As citizens do we have a moral obligation to play a greater role in the care of mental health patients?

By, Mabroor Ahmed and Nabeel Asif

We ask the question that what, if anything at all, can we do as citizens to help those who suffer from mental health issues? Is it in our interest to help someone who is going through depression or is that an inefficient (economically speaking) use of our time? The mantra of individualism comes under critique here as we argue that it is the duty of every citizen to play an active role in helping with the welfare of our fellow citizens, and in fact humanity as a whole. First, let us put forward some context on the issue.

mental-health

The World Health Organisation (WHO) defines health: a fundamental right of every human being as, a “state of complete physical, mental and social well-being and not merely the absence of disease”[1]. Mental health contributes equally to the triad of states; approximately 20% of the World’s childhood and adolescent population have mental disorders. The worldwide leading cause of disability is substance use and mental disorders, it is estimated that 23% of all years lost because of disability is caused because of this [3]. Furthermore, studies have shown that healthcare professionals find those most difficult to manage are patients with mental disorders [4].
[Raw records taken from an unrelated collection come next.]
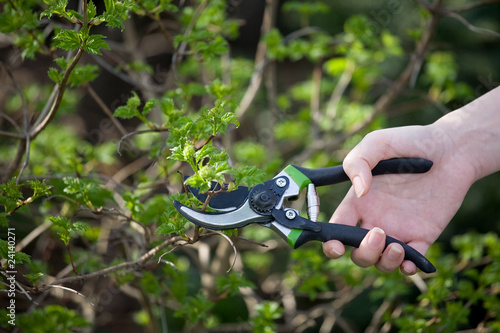 Gartenarbeit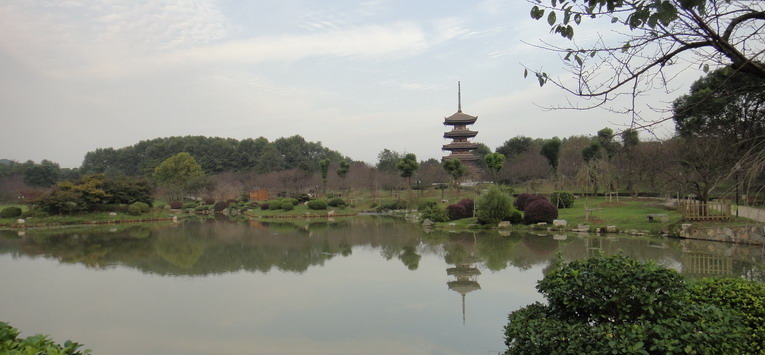 dsc03108.jpg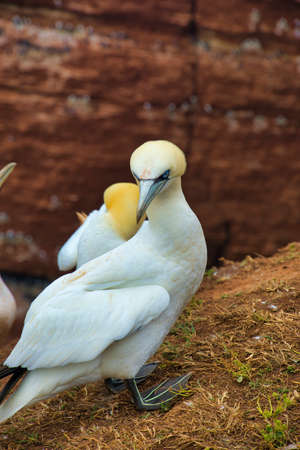 single  northern garnet on the red Rock - Heligoland islandの写真素材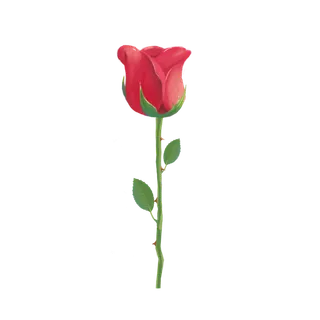 鲜花玫瑰免扣素材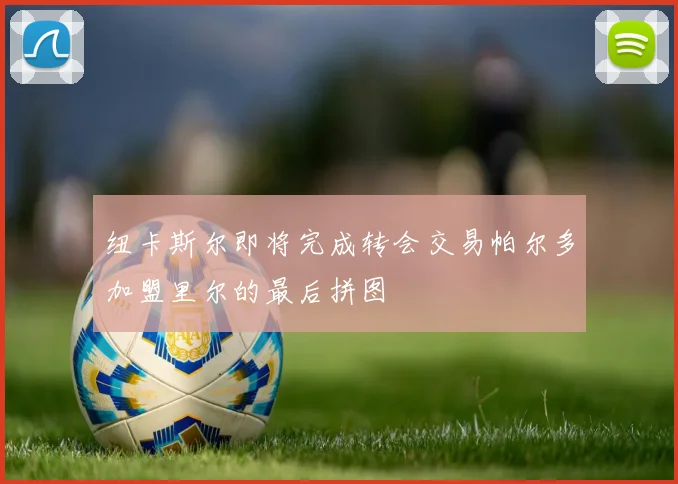 纽卡斯尔即将完成转会交易帕尔多加盟里尔的最后拼图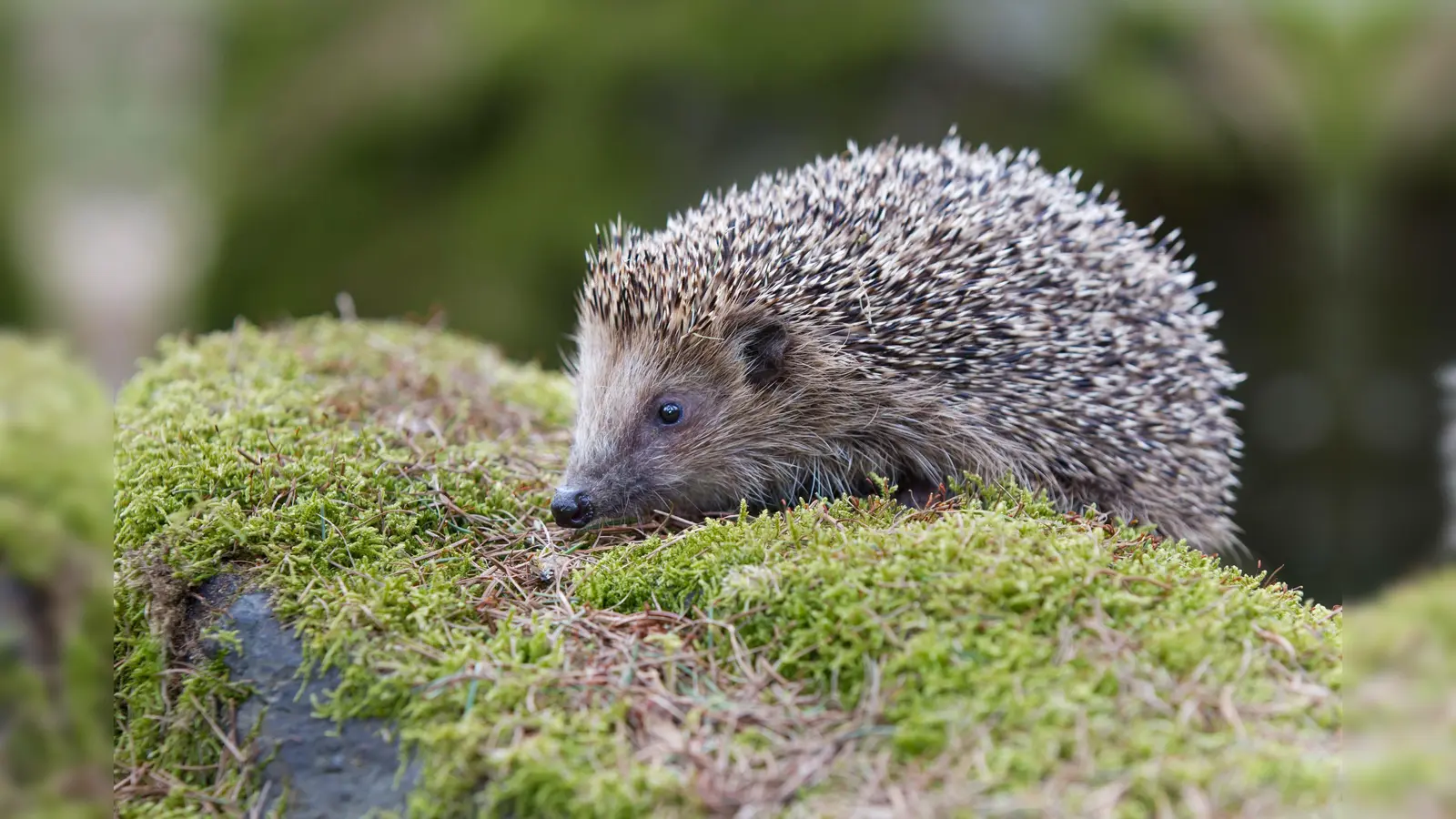 Ein Igel ist im Garten unterwegs. (Foto: Marcus Bosch/ LBV)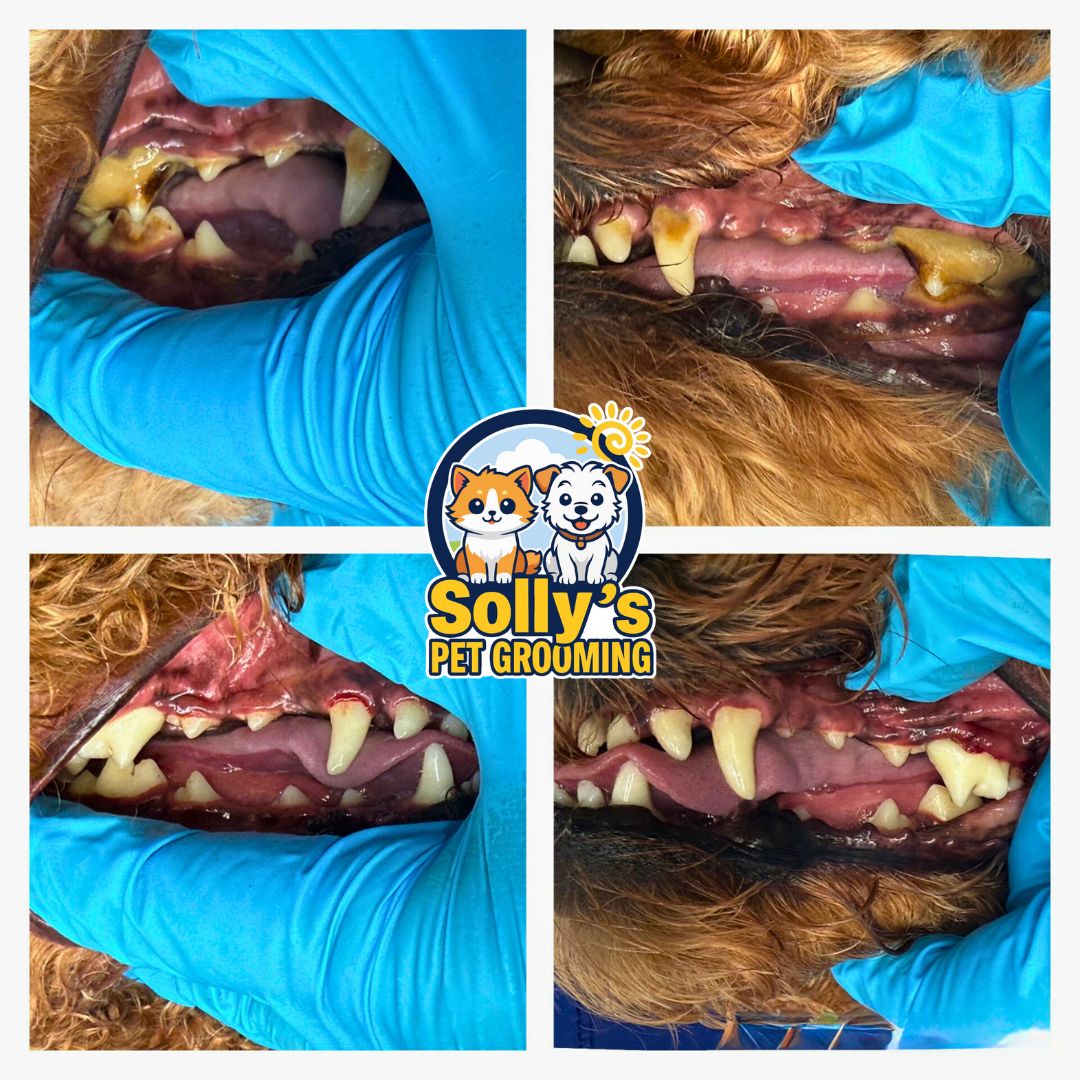 Before and after dental cleaning 11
Similar to WHOs definition of health, mental health is not just the absence of mental disorder, but can be defined as “a state of well-being in which every individual realises his or her own potential, can cope with the normal stresses of life, can work productively and fruitfully, and is able to make a contribution to his or her community”[2]. Therefore, these requirements must be taken into consideration when attempting to improve a person’s mental well-being.

Indeed, the care of mental health patients could be a lot better. Andrew Solomon, in his TED talk titled ‘Depression, the secret we share’ states the following:

‘The treatments we have for depression are appalling. They are not very effective, they are extremely costly, they come with innumerable side-effects – they are a disaster. I am so grateful that I live now, and not fifty years ago, where there was almost nothing to be done. I hope that fifty years hence people hear about my treatments and are appalled that anyone endured such primitive signs’.

It is clear that the health services available are seen as the primary place for mental health patients to seek help.  However, if we consider prevention, we as citizens can endeavour to create an environment where we are not afraid of addressing these issues. Indeed, by getting everyone involved in activities in your local community, the chances of people feeling disconnected is reduced and if anyone is feeling the early strains of depression, they should know that there is someone they can talk to, not just on a professional level but on a personal level, thus reducing the chances of it becoming a deeper form of depression.

Cogs

Mental health, like many other health issues, is best prevented early. By the time the symptoms become obvious and professional help is sought, the road to recovery is longer and, some could argue not as straightforward. It is for this reason that we should advocate an active role in the community as part of a duty for our society. We believe that (for once) David Cameron is on the right lines when he speaks of having a ‘Big Society’. Setting aside the politics of the Big Society, we believe the essence of the message is very relevant today.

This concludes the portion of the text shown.